17 Au mois de mars 2018, les requérants au principal, d’une part, ainsi que Credit Europe Ipotecar et Credit Europe Bank, d’autre part, ont interjeté appel du jugement rendu par ladite juridiction devant le Tribunalul Galați (tribunal de grande instance de Galați, Roumanie), en reprenant pour l’essentiel les arguments qu’ils avaient présentés en première instance.
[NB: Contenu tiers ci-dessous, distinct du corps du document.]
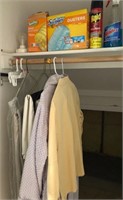 B - LOT OF WOMEN'S CLOTHING & CLEANING SUPPLIES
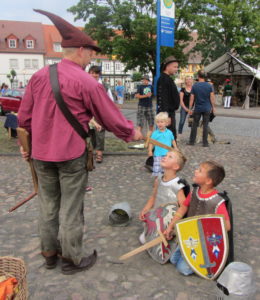 Ritterschlag bei den Kinderritterspielen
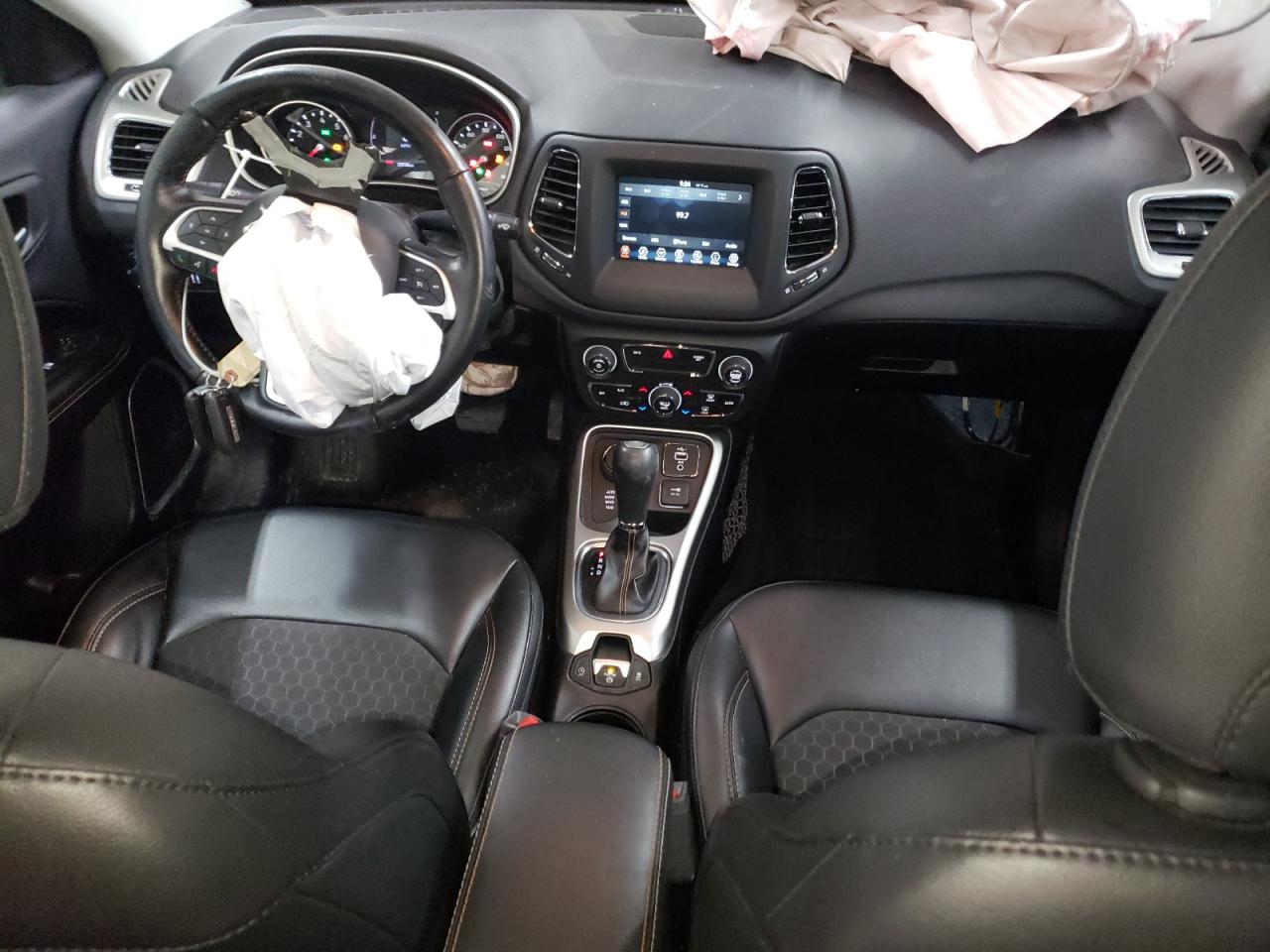 2019 Jeep Compass - Image 8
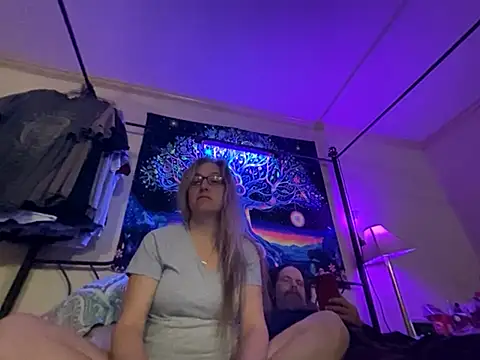 Sunflower0025 online show from April 5, 1:14 am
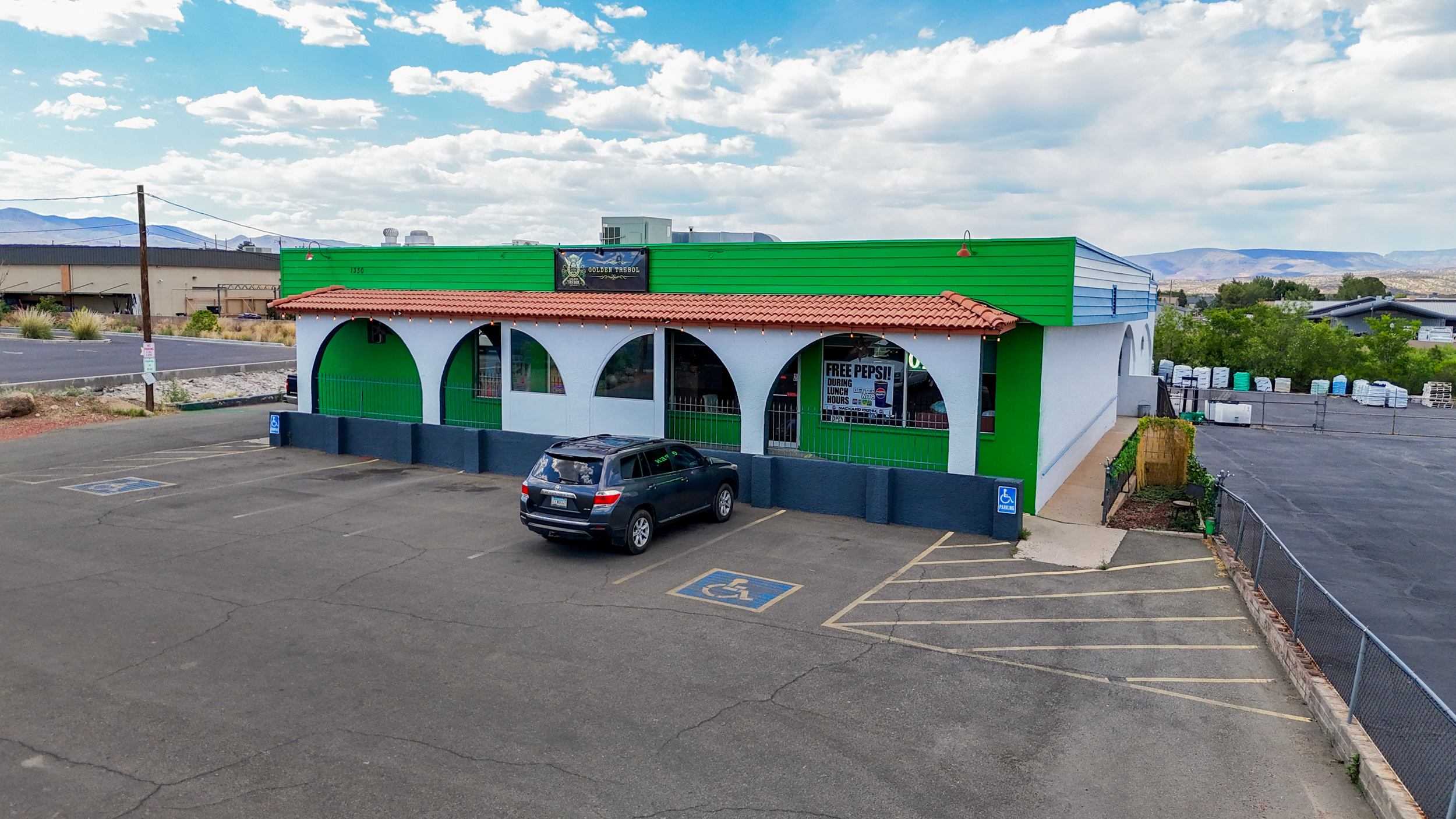 Cottonwood Restaurant & Redevelopment Opportunity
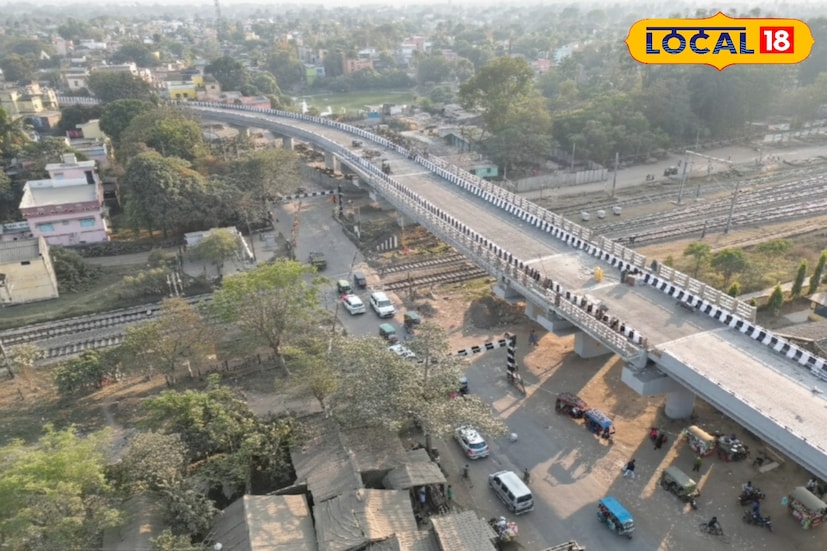 বীরভূমের সিউড়ির হাটজনবাজারে রেল উড়ালপুলের দাবি দীর্ঘদিনের। রেললাইন পারাপারকে কেন্দ্র করে যানজট ও দুর্ঘটনার আশঙ্কা নিত্যদিনের ছিল। সেই সমস্যা সমাধানে ২০১৮ সালে রেল উড়ালপুল তৈরির কাজ শুরু হয়। ছবি ও তথ্য: সুদীপ্ত গড়াই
18 La juridiction de renvoi considère qu’il résulte de la jurisprudence de la Cour relative à la directive 93/13 que, en vertu de l’article 1er, paragraphe 2, de celle-ci, lorsqu’une clause contractuelle reflète des dispositions de droit national qui sont applicables entre les parties contractantes indépendamment de leur choix ou en l’absence d’un arrangement différent entre elles, cette clause ne relève pas du champ d’application de ladite directive.

19 Par ailleurs, elle expose que l’article 1578 du code civil, qui revêt un caractère supplétif, prévoit que l’emprunteur a l’obligation de rembourser au prêteur la somme numérique inscrite dans le contrat de crédit, nonobstant la valorisation ou la dévalorisation des devises dans lesquelles le prêt est libellé qui serait survenue avant la date du paiement, et que cette disposition légale consacre le « principe du nominalisme monétaire », selon l’appellation donnée par la doctrine roumaine. La
juridiction de renvoi précise que, dans le cadre de la relation contractuelle en cause au principal, le taux de change du franc suisse a connu une appréciation de 204,12 %, au détriment des emprunteurs, entre le jour de la conclusion du contrat de crédit en cause, datant du 8 novembre 2007, et le jour de l’introduction du recours en première instance, datant du 16 mars 2015.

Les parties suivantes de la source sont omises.